# Frontosa aggression



## jets07

I am having aggression issues with my frontosa's, I have one frontosa that is 5" and I just added a 4" and my 5 is not happy, he is chasing him around and stressing the new frontosa out, I also added a tawain reef hap and he is being attacked by the front also, I have a 75 gallon tank with plenty of hiding spots, the fish do not hide though, I have re arranged the tank with no success, I really do not want to set up another tank for one fish any suggestions. Thanks for your help.


----------



## Bertz

jets07 said:


> I am having aggression issues with my frontosa's, I have one frontosa that is 5" and I just added a 4" and my 5 is not happy, he is chasing him around and stressing the new frontosa out, I also added a tawain reef hap and he is being attacked by the front also, I have a 75 gallon tank with plenty of hiding spots, the fish do not hide though, I have re arranged the tank with no success, I really do not want to set up another tank for one fish any suggestions. Thanks for your help.

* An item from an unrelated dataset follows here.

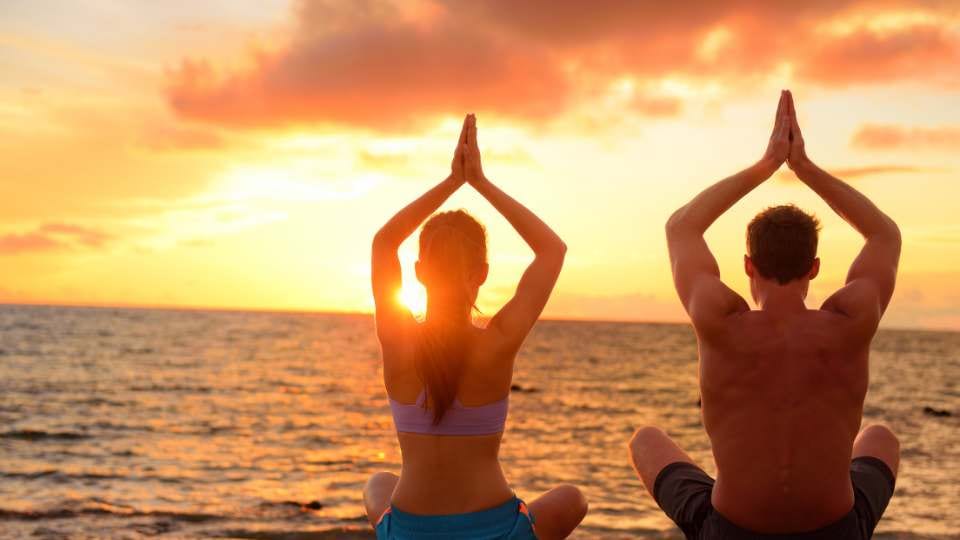 Couples Yoga Poses / Canva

The only thing that will stop it is about another 4 Fronts.
More then likely you have 2 males, That will not work long term.
You need more of a 1 male to 6 females ratio, That said.

I have done it with a male and female together alone in a 55 for about 3 yrs with sad results i lost my male soon after they spawned.
It could of been age related they were in my care for about 14 yrs, I do have the female and the babies "getting bigger daily" in a 120 now, But soon i will either need to upgrade again or pick the best male and about 4 more females, Even at that a 120 maybe to small for long term.

It is written no tank under 6 feet, 150 gallons to raise them.
I started them all out in a 180 gallon but i had to get rid of that................I will find my way back to it though.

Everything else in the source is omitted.